Of course the effect is quite small for a situation like this, but it can be dramatic if we imagine, instead of Alice going for a walk around the block, getting into a very fast spaceship and making a round trip to a distant star and back. Suppose the trip takes, say, twenty years according to Bob. It may take only a few days or less for Alice, depending on how close to the speed of light her spaceship was moving. This is the famous “twin paradox”, which is not a paradox at all—it is easily understood within the framework of the peculiar geometry of spacetime that Einstein discovered (actually, the mathematician Hermann Minkowski was responsible for pointing out the interesting type of spacetime geometry that lies behind this and other effects). This time dilation effect is easy to observe experimentally using accurate atomic clocks, and is universally accepted as a basic—albeit somewhat strange—property of our universe. The really interesting thing is to now follow Einstein’s train of thought and apply this basic fact in the context of our rotating space station to see what we can learn about the nature of gravity.

So let’s imagine that Alice and Bob have identical watches as before, with Bob floating freely “at rest” outside the space station (he is in a spacesuit doing a spacewalk), watching Alice revolving round and round inside the spinning space station. As Alice comes around, she puts her watch up against the window and at the instant she passes by Bob, he sets his watch to read the same time as hers. She then continues around once (just like walking around the block) and the next time they meet Bob looks at Alice’s watch through the window and notices that less time has elapsed for her than for him. Time is moving more slowly for Alice than it is for Bob, although, as emphasized earlier, she herself does not experience anything out of the ordinary. It’s only when they compare watches that they both notice something strange is happening.

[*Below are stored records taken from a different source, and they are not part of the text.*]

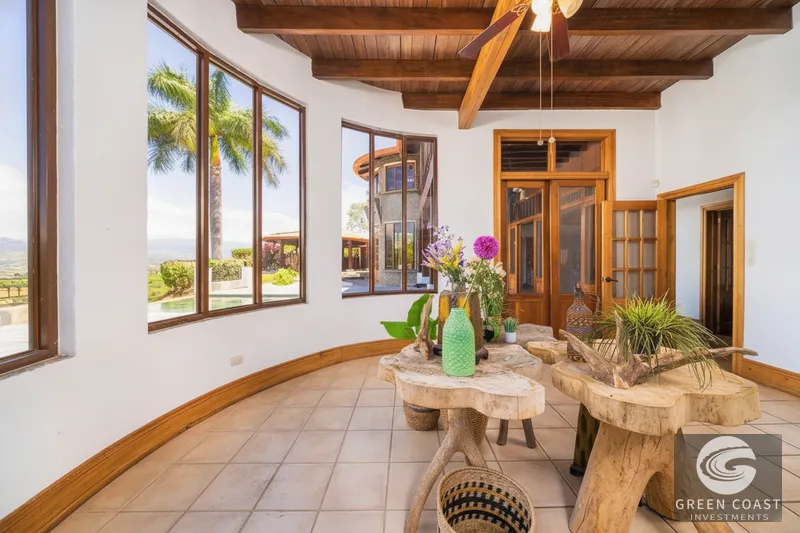 5-Bed Castle-Style Luxury Estate with Infinity Pool and Panoramic Views in Atenas Gated Community — view 11, Atenas, Costa Rica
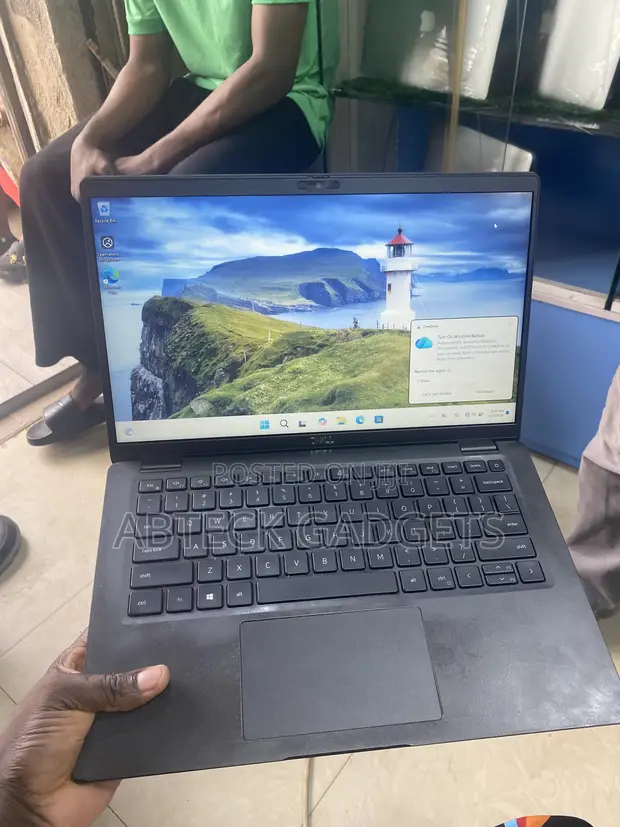 Dell Latitude 7410 Laptop - 16GB RAM, 256GB SSD, i5 - 1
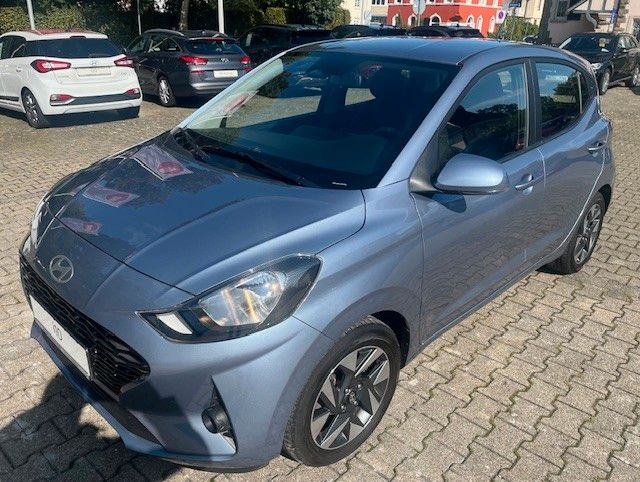 Hyundai i10 10.000 km 18.200 € Villingen-Schwenningen 78048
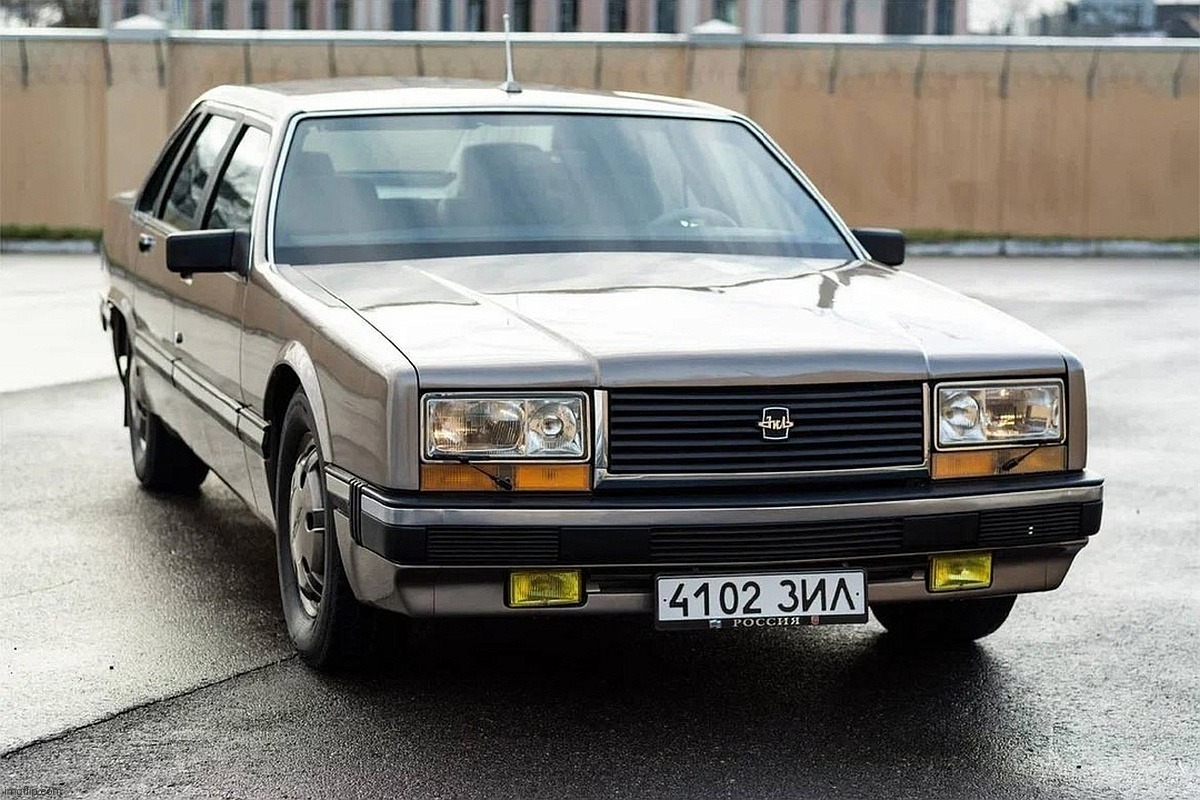 ZIL 4102 Prototype: 2 Units Are Made, First One Is Destroyed | image tagged in zil 4102 prototype,soviet russia | made w/ Imgflip meme maker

The effect becomes increasingly dramatic the faster the space station spins. If the space station is spinning so fast that Alice is whizzing by Bob at nearly the speed of light, time is almost at a standstill for her relative to Bob’s experience of time. In fact, because of this, the rotating space station can be used as a time machine for traveling into the future. Suppose that Alice and Bob are both 20 years old, and one day she climbs into the space station and stays there for 30 years according to Bob. According to Alice, maybe only 30 days or 30 minutes has passed for her, depending on how fast the space station is rotating. She climbs out of the space station still 20 years old, but finds a 50 year old Bob, and indeed a whole universe that is 30 years into the future of the universe she knew. From Alice’s point of view, she simply climbed into a strange spinning contraption, sat there for 30 minutes, say (albeit in a very strong gravitational field), and climbed out to find that she has travelled 30 years into the future!

So what does this tell us about the nature of gravity? Einstein’s thinking went like this: Let’s forget everything we think we know about gravity and start from scratch. The slowing of time effect in this artificial gravity example is clearly a special relativity effect (time dilation) associated with Alice’s motion (rotating space station). But according to the equivalence principle, Alice is equally entitled to consider herself to be at rest (non-rotating space station) in a real gravitational field produced by some masses existing somewhere outside the space station. If there really is no way for Alice to tell the difference between these two situations, then whatever properties she notices about artificial gravity must also be true of real gravity. Thus Einstein was led to the idea that gravity, whatever it is, is likely to be intimately connected with a slowing of time.